(Assigned task) From the data below, set down exactly the lines between the one holding "Чехол для Huawei" and the one holding "1 Mbretërve 20:31 ALB Bible Study", inclusive, and no others.

(Supplied data)
»»

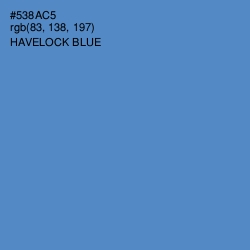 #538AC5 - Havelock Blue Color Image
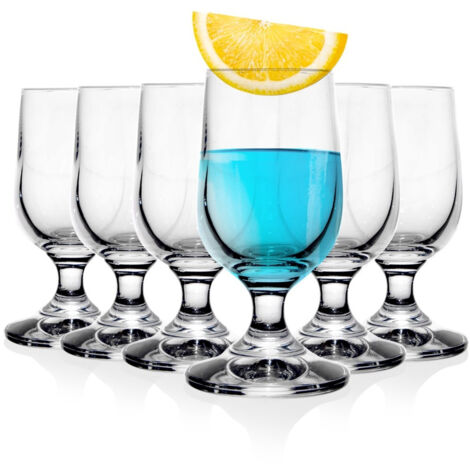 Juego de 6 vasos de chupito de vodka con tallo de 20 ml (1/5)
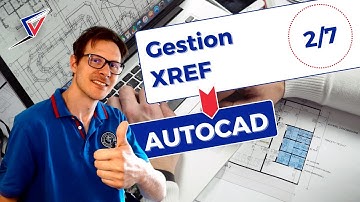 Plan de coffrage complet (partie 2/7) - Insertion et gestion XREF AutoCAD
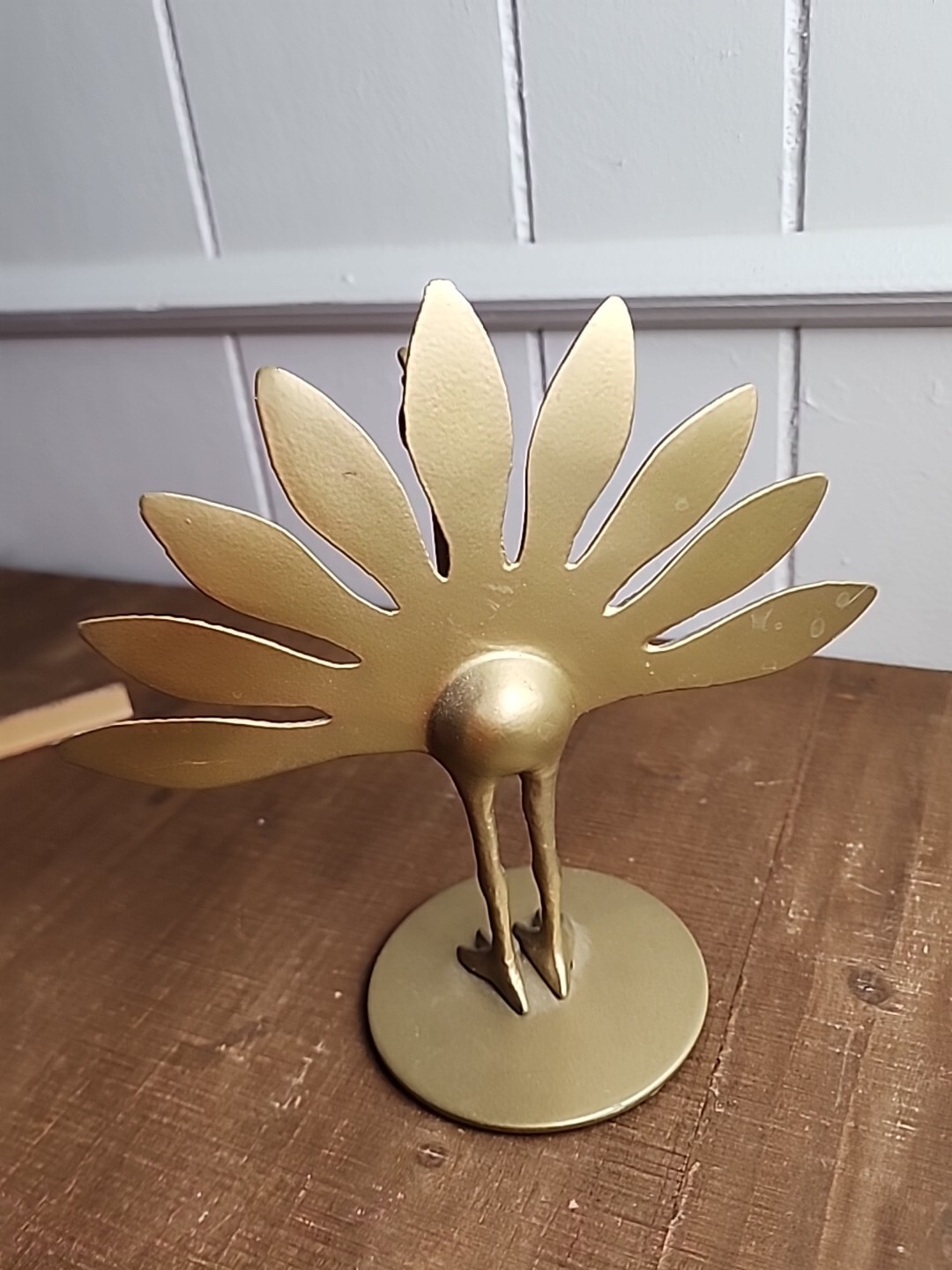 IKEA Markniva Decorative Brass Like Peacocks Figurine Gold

««
»»

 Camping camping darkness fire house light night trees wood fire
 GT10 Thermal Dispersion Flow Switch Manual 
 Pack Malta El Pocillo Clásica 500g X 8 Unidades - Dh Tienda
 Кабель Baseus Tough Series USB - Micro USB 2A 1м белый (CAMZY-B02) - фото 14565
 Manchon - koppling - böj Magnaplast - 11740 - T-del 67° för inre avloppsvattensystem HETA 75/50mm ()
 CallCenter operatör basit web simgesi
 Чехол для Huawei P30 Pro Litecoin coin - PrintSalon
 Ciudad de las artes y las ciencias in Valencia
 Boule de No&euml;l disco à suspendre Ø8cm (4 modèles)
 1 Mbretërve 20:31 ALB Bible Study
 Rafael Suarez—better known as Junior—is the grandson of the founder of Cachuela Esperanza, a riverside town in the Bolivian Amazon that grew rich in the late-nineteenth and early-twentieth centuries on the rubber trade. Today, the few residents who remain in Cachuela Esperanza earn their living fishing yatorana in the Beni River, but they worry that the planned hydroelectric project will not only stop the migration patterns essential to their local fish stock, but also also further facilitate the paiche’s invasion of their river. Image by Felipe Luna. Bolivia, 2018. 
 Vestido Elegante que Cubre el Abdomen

««

(Answer area)
 Чехол для Huawei P30 Pro Litecoin coin - PrintSalon
 Ciudad de las artes y las ciencias in Valencia
 Boule de No&euml;l disco à suspendre Ø8cm (4 modèles)
 1 Mbretërve 20:31 ALB Bible Study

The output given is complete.